- Born: 12 July 1922 Warwick, Queensland, Australia
- Died: 30 January 2018 (aged 95) Townsville, Queensland, Australia
- Occupation(s): television and radio executive
- Known for: bringing television to North Queensland
- Awards: Queensland Great (2015)

= Jack Gleeson (television executive) =

Australian television executive

John Fredolin Gleeson (12 July 1922 – 30 January 2018) was an Australian television executive.

Gleeson had an extensive career in the radio and television industry but is perhaps best known for his lengthy tenure as chairman of Telecasters North Queensland, of which he was also a major shareholder.

In this position, he is credited with introducing the first television service to Northern Australia with the inauguration of the first television station north of Brisbane in 1962.

==Life and career==
Gleeson commenced his career working as a technician before buying radio station 4AY in the 1950s.

Gleeson then moved into television, becoming chairman of Telecasters North Queensland which saw Townsville become the first city north of Brisbane to receive television with the launch of TNQ-7 on 1 November 1962. Telecasters North Queensland then purchased Cairns station FNQ-10 with both stations sharing a programming schedule and sharing the name NQTV.

Gleeson saw NQTV through aggregation which saw the station change its name to QTV and expand into southern areas of regional Queensland. However, a tense battle with the Nine Network ensued with Telecasters North Queensland attempting to secure an affiliation agreement to have Nine's programs broadcast on QTV.

Despite promising negotiations with Kerry Packer which saw QTV begin to promote Nine's programs on air, Gleeson ultimately lost out when Packer terminated an agreement with Telecasters North Queensland on 24 December 1990, just days before aggregation commenced.

QTV was forced to enter a quick supply agreement to secure a Network Ten affiliation instead.

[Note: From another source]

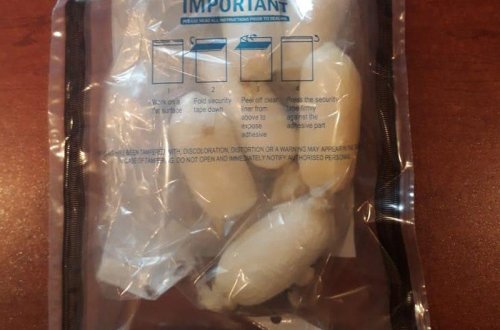 İran vətəndaşı Azərbaycana düz bağırsağında narkotik keçirmək istədi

Although disappointed by Nine's decision to pull out of the deal they had made with QTV, Gleeson described the arrangement with Network Ten as "satisfactory" citing the network's improved ratings nationally which he believed would enhance QTV's future.

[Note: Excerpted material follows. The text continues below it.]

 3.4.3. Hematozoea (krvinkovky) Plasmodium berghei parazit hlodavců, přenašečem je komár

Gleeson died on 30 January 2018 at the age of 95. His funeral service was held at the Sacred Heart Cathedral in Townsville on 5 February 2018.

==Honours==
In the 1985 Australia Day Honours, Gleeson was made a Member of the Order of Australia in recognition of his service to the Australian radio and television industry.

He was conferred with an honorary doctorate from the Australian Catholic University in 2005.

Gleeson was named as a Queensland Great in 2015.

In 2006, he was awarded a papal knighthood in the Order of St. Gregory the Great by Pope Benedict XVI.